◆ RECORD EXCERPTS:
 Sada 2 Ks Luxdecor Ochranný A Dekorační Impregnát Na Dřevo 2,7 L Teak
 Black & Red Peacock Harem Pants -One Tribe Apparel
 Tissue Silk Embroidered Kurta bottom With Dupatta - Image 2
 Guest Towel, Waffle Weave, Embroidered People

---

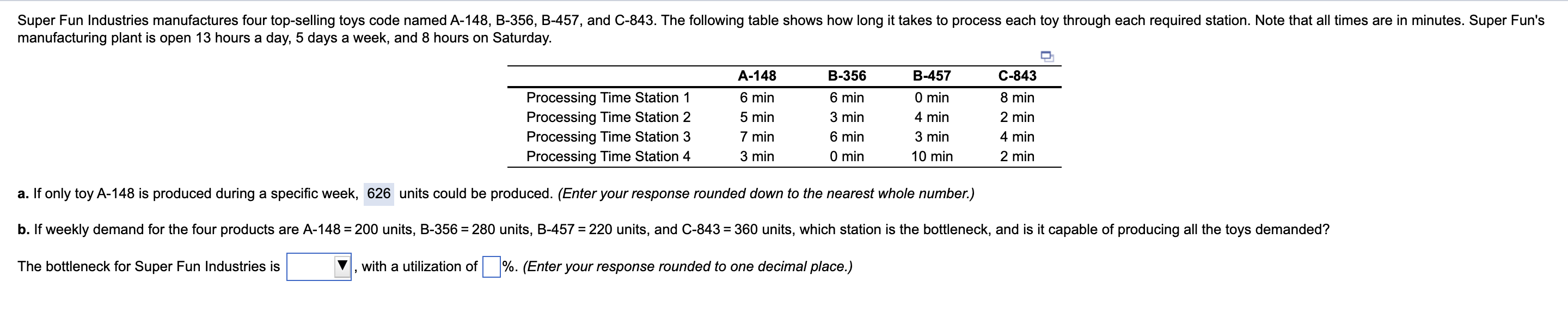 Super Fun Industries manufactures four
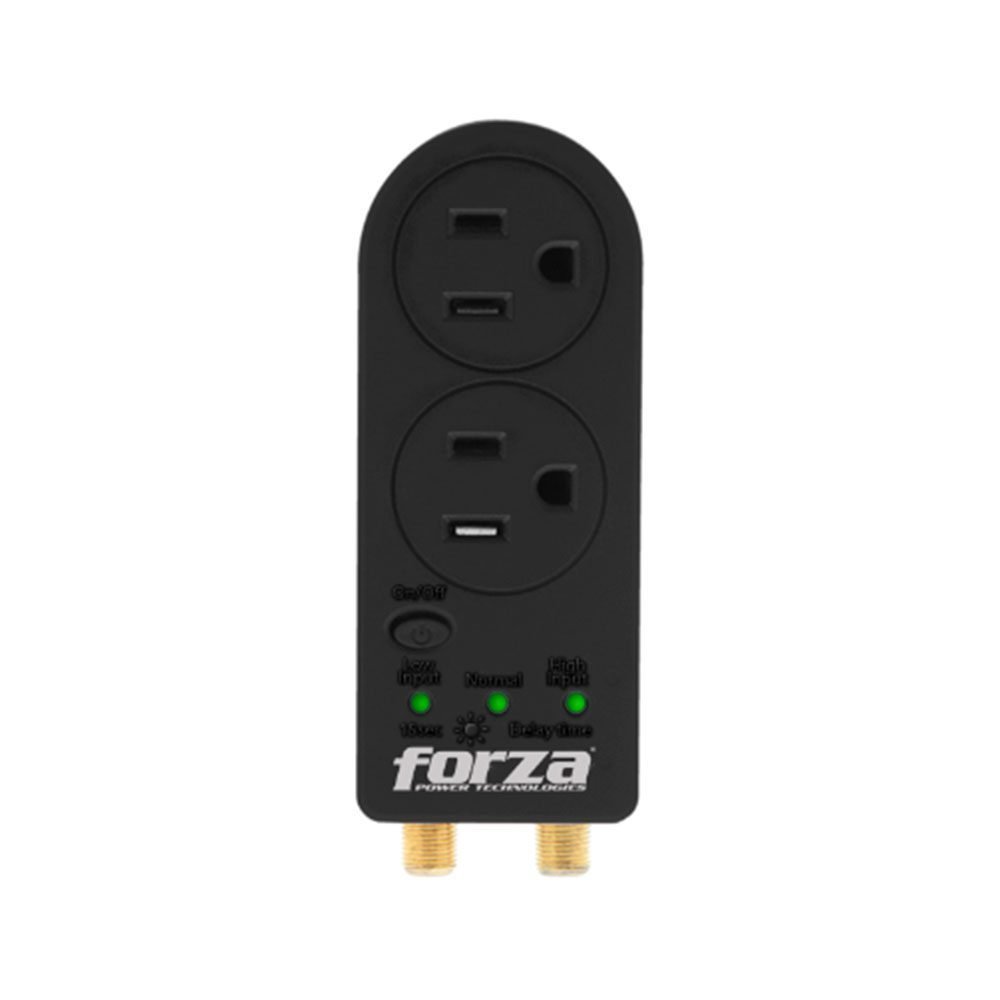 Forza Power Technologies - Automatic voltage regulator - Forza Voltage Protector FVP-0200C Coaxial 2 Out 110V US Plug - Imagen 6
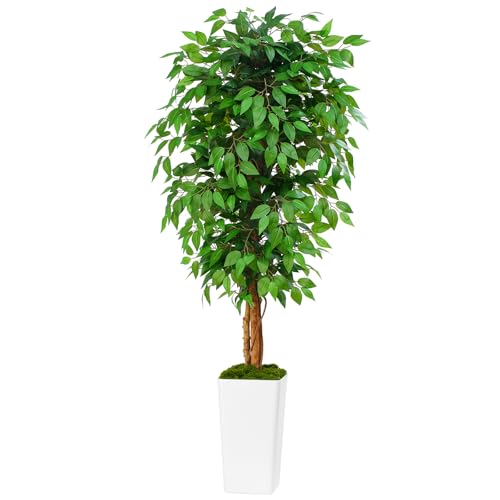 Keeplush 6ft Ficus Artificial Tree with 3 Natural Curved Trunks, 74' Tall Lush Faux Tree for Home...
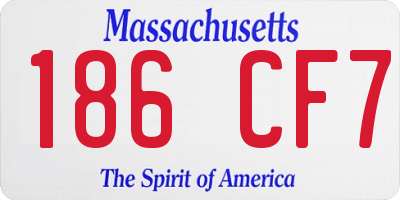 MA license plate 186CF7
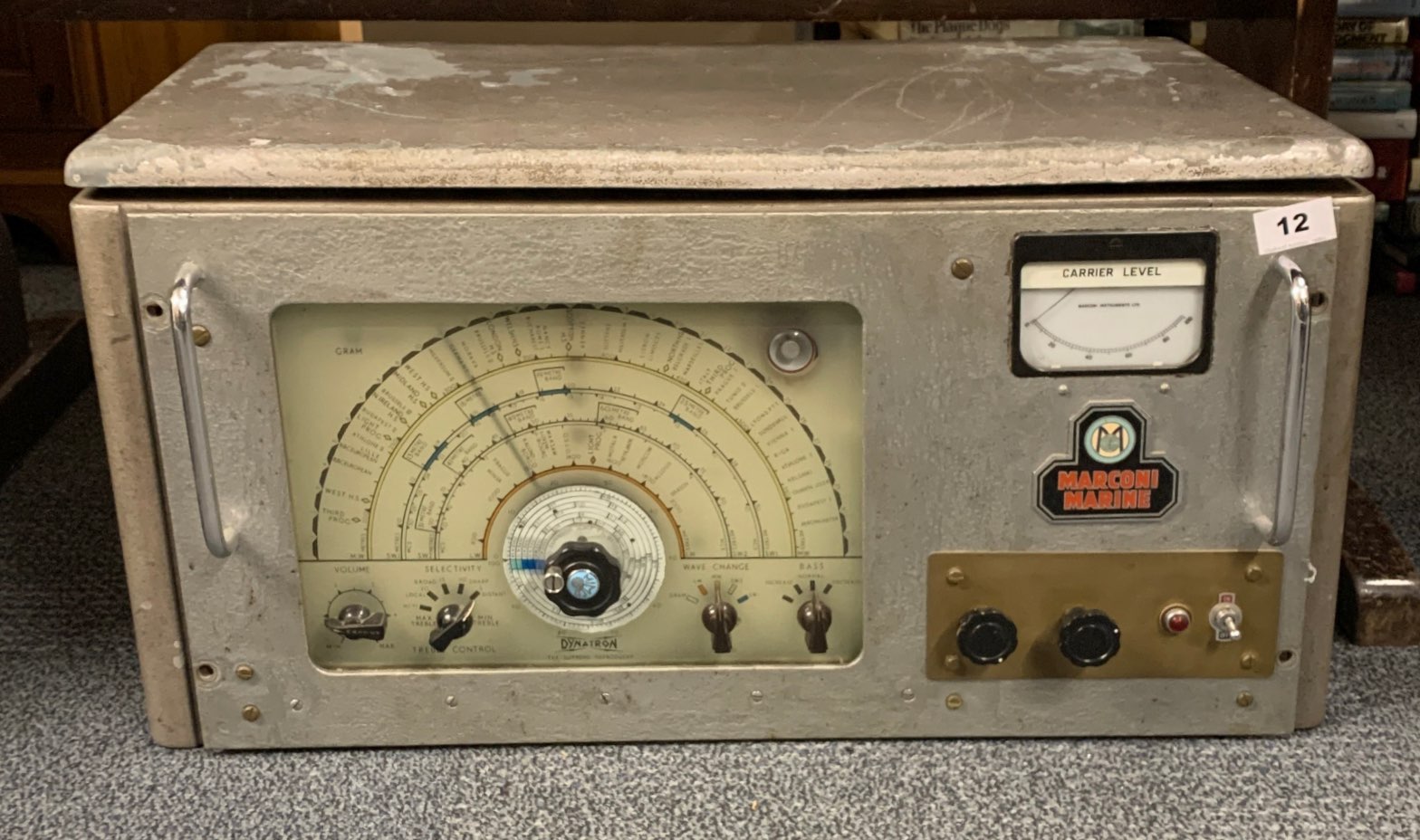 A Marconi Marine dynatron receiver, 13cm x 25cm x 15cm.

◆ WORK ITEM:
Copy out every line above where "Embroidered" is present.

◆ TASK OUTPUT:
 Tissue Silk Embroidered Kurta bottom With Dupatta - Image 2
 Guest Towel, Waffle Weave, Embroidered People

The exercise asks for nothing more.